§ **YOUR ASSIGNMENT**: The expected answer is a verbatim transcription of the lines below, beginning with the first and ending with the line that holds "Mark Zuckerberg Documents", without pictures.

#### SOURCE DATA ####

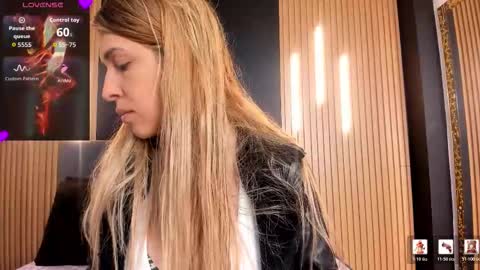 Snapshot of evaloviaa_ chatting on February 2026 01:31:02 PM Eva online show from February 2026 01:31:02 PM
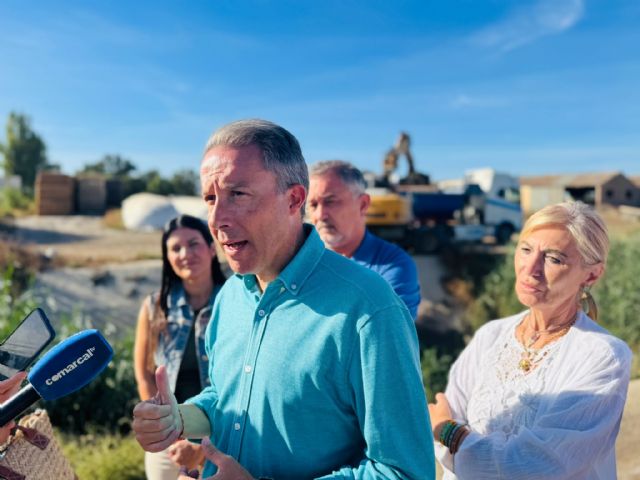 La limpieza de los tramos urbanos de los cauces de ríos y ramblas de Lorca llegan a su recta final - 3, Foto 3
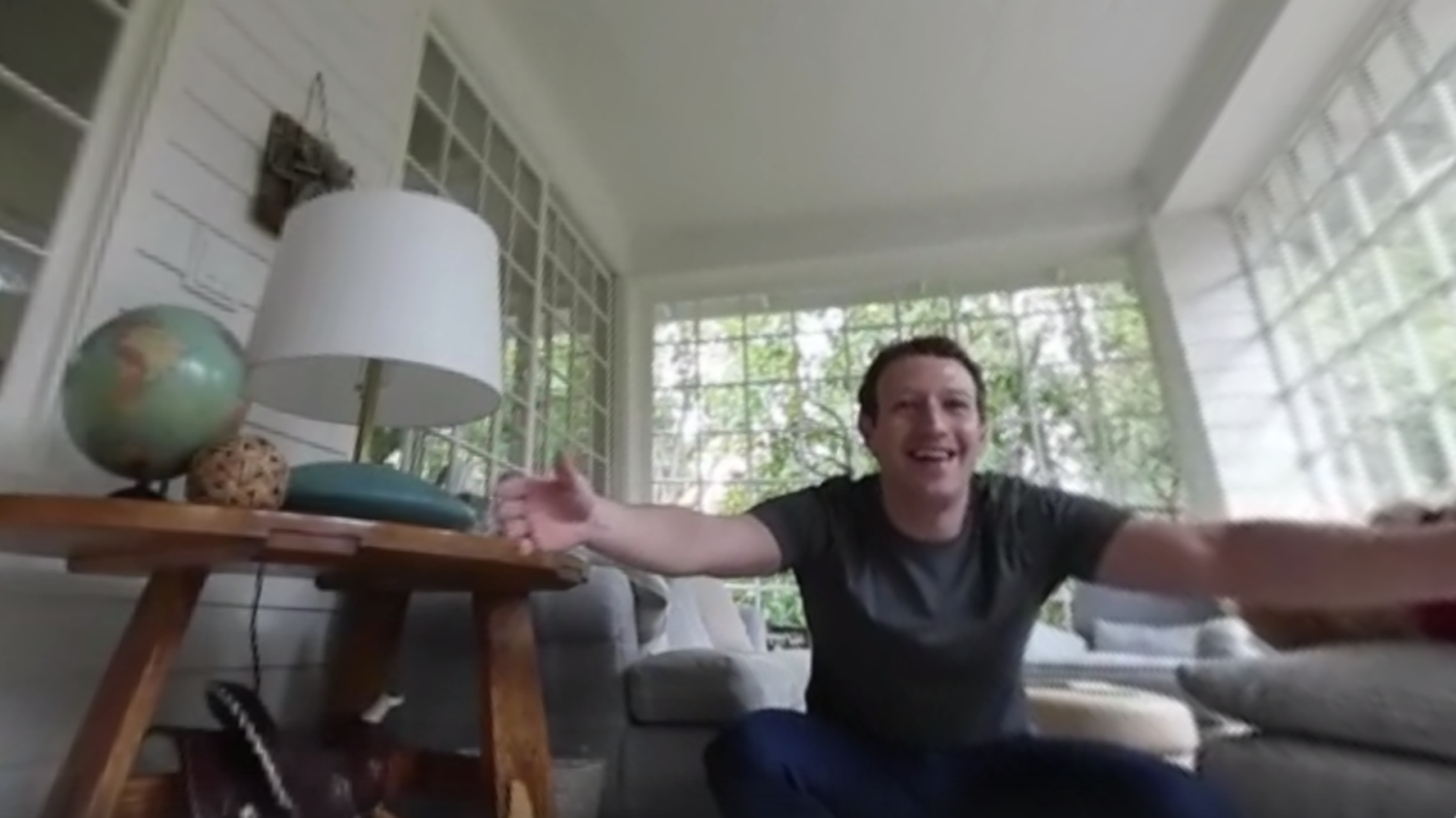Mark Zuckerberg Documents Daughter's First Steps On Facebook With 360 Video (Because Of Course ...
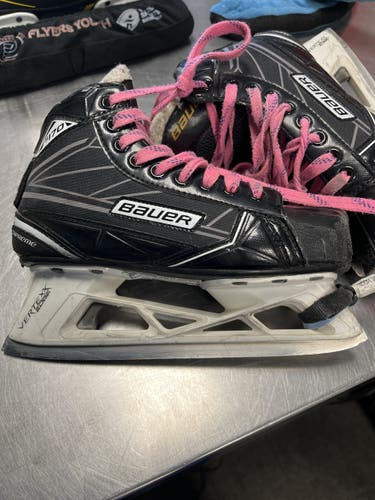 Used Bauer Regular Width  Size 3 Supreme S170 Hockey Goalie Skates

####

§ **EXPECTED ANSWER**:
 Snapshot of evaloviaa_ chatting on February 2026 01:31:02 PM Eva online show from February 2026 01:31:02 PM
 La limpieza de los tramos urbanos de los cauces de ríos y ramblas de Lorca llegan a su recta final - 3, Foto 3
Mark Zuckerberg Documents Daughter's First Steps On Facebook With 360 Video (Because Of Course ...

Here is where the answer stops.